A regional political expert, who asked not to be identified, confirmed that the fighters had appeared in Sudan's far-west region bordering Libya and Chad.

"Everybody knows that," he said.

Nur claimed that "hundreds" of Malians were in Darfur but the political expert had no figure.

The expert dismissed Nur's claim that the Malians had joined Sudanese forces which have been battling Nur's group and other Darfur rebels for 10 years.

"The fighters from Mali would like to be quiet," the analyst said, adding that they fled to Darfur to recover after suffering heavy losses.

"They are exhausted. They don't want to fight against anybody else," he said. "I heard that most of them are from Ansar Dine group."

Ansar Dine was one of three hardline groups which took control of Mali's desert north last year, sparking regional and international fears of a new haven for extremists in north Africa.

French forces went into action in Mali nearly a month ago as the rebels pushed south, leading to concerns they might try to take the capital Bamako.
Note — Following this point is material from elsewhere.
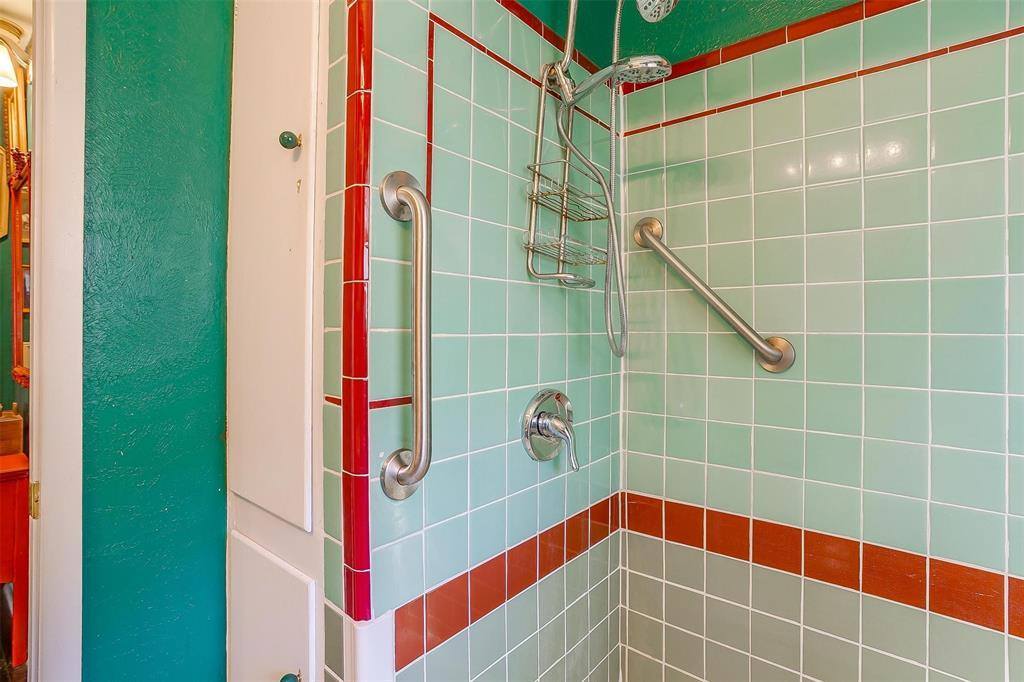 3700 Ellsmere Court, Fort Worth, TX 76103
Soldiers from Mali, Chad and Niger are backing the 4,000 French troops in the campaign against the Islamists.

Nur said the Malians stand out in Darfur by the way they speak, and their skin color.

"They're coming at night," he said, adding that their arrival was unforeseen.

"Nobody will expect that they will come to Jebel Marra," a fertile and mountainous area roughly in central Darfur, which is about as large as France.

Sudan's army spokesman could not be reached for comment.

The political expert said the Malians would be lying low in areas which are relatively unpopulated, and they are likely to stay "a long while."

Others have sought refuge in Libya and northern Niger, he said, expressing concern that more might end up in Sudan "because they don't know where to go."

In October, Sudanese were among hundreds of jihadists who reportedly poured into Mali's north to help the Islamists try to hang on to seized territory.

Nur's faction belongs to the Sudan Revolutionary Front, a coalition of rebels from Darfur and two other Sudanese states, South Kordofan and Blue Nile.

The Front says it is fighting to topple the Arab-dominated Islamist regime of President Omar al-Bashir and install a system more responsive to Sudan's ethnic and religious diversity.